Mohon tunggu...
Amidi
Amidi Mohon Tunggu... Dosen - bidang Ekonomi

Dosen dan Pengamat Ekonomi

Selanjutnya

Tutup

Entrepreneur Pilihan

Mencermati Survei BI: Uang Masyarakat Miskin Habis untuk Cicilan

11 September 2024   19:04 Diperbarui: 11 September 2024   19:06 42
+
Laporkan Konten
Laporkan Akun
Kompasiana adalah platform blog. Konten ini menjadi tanggung jawab bloger dan tidak mewakili pandangan redaksi Kompas.
Lihat foto
Entrepreneur. Sumber ilustrasi: FREEPIK/Jcomp

Oleh Amidi



Hasil survei Bank Indonesia (BI) menunjukkan bahwa  masyarakat kelompok pengeluaran Rp. 1 juta sampai Rp. 3 juta per bulan  menurun pada Agustus 2024, namun pembayaran cicilan untuk  kelompok ini justru naik. (cnbcIndonesia.com,  9 September 2024).

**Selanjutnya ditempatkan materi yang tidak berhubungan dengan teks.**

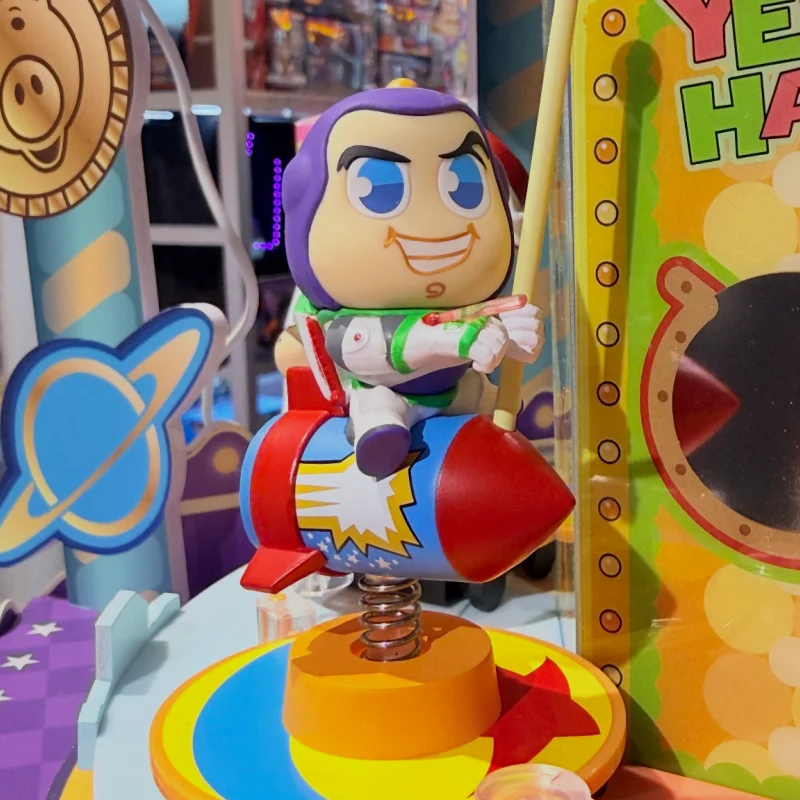 Original Hot Toys Disney Toy Story Karussell Buzz Lightyear Blind Box Komplettset Figur Puppe Desktop-Ornament Überraschungsgeschenk Auf Lager Original Hot Toys Disney Toy Story Karussell Buzz Lightyear Blind Box Komplettset Figur Puppe Desktop-Ornament Überraschungsgeschenk Auf Lager - Image 4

Rasio pengeluaran untuk cicilan masyarakat kelas (ekonomi) menengah dan bawah ini secara umum terus mengalami kenaikan. Dengan kata lain, sebagian besar dari pendapatan atau penghasilan mereka "terkuras" untuk membayar cicilan.

 

Tiada Hari Tanpa Cicilan.

Bila di simak, di kalangan kelas menengah dan bawah tersebut,      sebagian besar mempunyai cicilan, dengan kata lain, sebagian besar dari mereka membeli dengan cara kredit. Pembelian secara kredit tersebut dilakukan mereka, tidak hanya untuk memenuhi kebutuhan sekunder-nya saja, seperti membeli kendaraan, rumah, barang elektronik dan lainnya, tetapi untuk memenuhi kebutuhan primer atau untuk membeli barang sandang, seperti pakaian pun terkadang mereka membeli-nya dengan cara kredit. Misalnya, ada pedagang keliling yang menawarkan pakaian kepada emak-emak, yang bisa dibeli dengan  kredit.

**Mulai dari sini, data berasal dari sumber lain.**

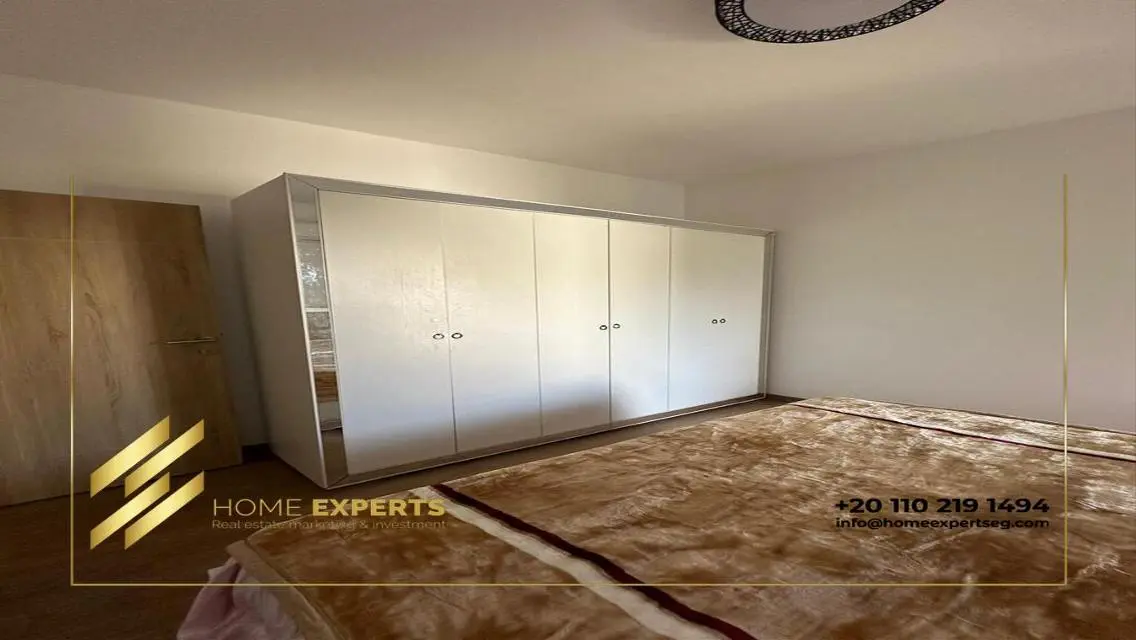Luxurious Apartment with Stunning View and Spacious Living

Lebih miris lagi, bahwa kepala keluarga kelas menengah dan bawah tersebut, memiliki lebih dari dua cicilan, ada yang harus mencicil untuk tiga pembelian barang, ada yang harus mencicil untuk empat pembelian barang dan seterusnya. Bagi pegawai/karyawan, terkadang, pada saat akan gajian atau akan menerima gaji,  mereka hanya menerima sebagian kecil dari gaji-nya bahkan ada yang hanya tinggal menanda tangani slip gaji saja, karena jumlah gaji yang harus diterima-nya habis untuk membayar cicilan. Dalam hal ini, terkadang tidak sedikit mereka yang harus "nombok" karena  gaji-nya yang akan diterima-nya tidak mencukupi untuk membayar cicilan.

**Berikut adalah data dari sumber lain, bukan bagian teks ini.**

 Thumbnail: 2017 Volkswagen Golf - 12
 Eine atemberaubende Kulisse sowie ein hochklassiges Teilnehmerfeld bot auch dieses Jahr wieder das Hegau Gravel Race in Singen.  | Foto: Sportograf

Fenomena ini sudah melanda kebanyakan anak negeri ini dan bukan terjadi baru-baru ini saja, sehingga tidak berlebihan kalau dikatakan; "tiada hari tanpa cicilan". Mereka, terkadang sudah tidak memikirkan atau tidak menghiraukan lagi kalau mereka sebentar lagi akan menerima gaji atau dikalangan mereka ini, sudah tidak kenal lagi tanggal muda dan tanggal tua (sama saja). Tanggal muda, suatu istilah tanggal pada saat mereka akan menerima gaji (bebebrapa hari dari tanggal mereka menerima gaji) dan tanggal tua, suatu istilah tanggal mendekati akhir bulan (beberapa hari sebelum berakhirnya bulan).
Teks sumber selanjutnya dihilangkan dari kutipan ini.